**Dataset content:**
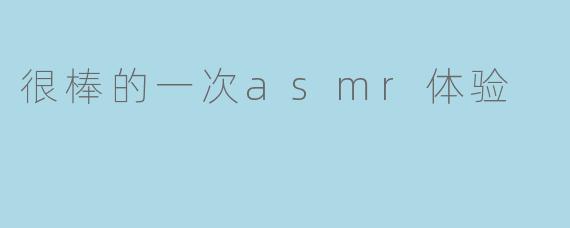 你提到最近有一次很棒的ASMR体验，能具体描述一下是什么触发点让你感觉如此放松和愉悦吗？
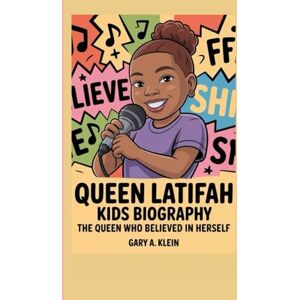 A Klein, Gary QUEEN LATIFAH KIDS BIOGRAPHY: The Queen Who Believed in Herself A Klein, Gary QUEEN LATIFAH KIDS BIOGRAPHY: The Queen Who Believed in Herself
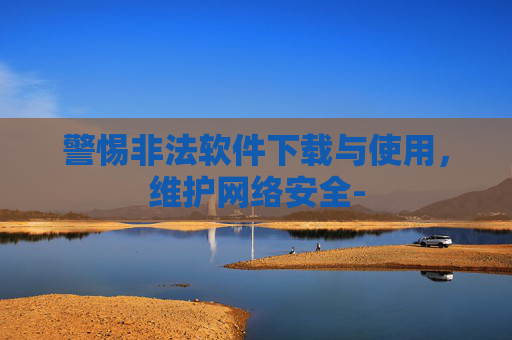 警惕非法软件下载与使用，维护网络安全-
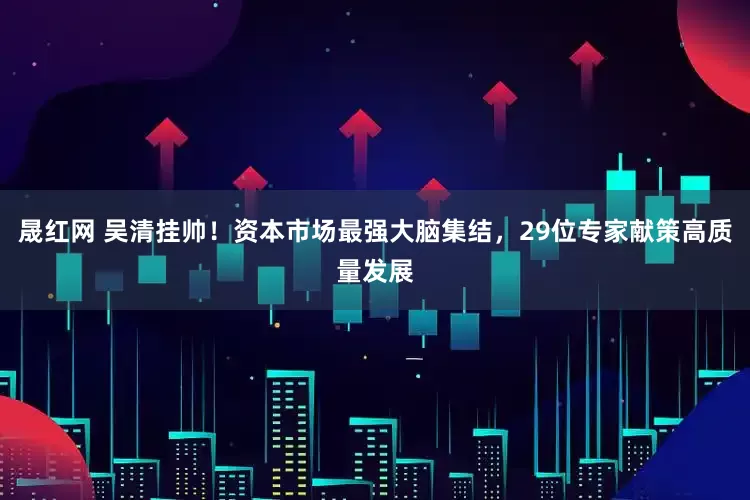 晟红网 吴清挂帅！资本市场最强大脑集结，29位专家献策高质量发展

**What the task requires:**
Omitting all images, print the listing exactly.

**Answer space:**
 你提到最近有一次很棒的ASMR体验，能具体描述一下是什么触发点让你感觉如此放松和愉悦吗？
 A Klein, Gary QUEEN LATIFAH KIDS BIOGRAPHY: The Queen Who Believed in Herself A Klein, Gary QUEEN LATIFAH KIDS BIOGRAPHY: The Queen Who Believed in Herself
 警惕非法软件下载与使用，维护网络安全-
 晟红网 吴清挂帅！资本市场最强大脑集结，29位专家献策高质量发展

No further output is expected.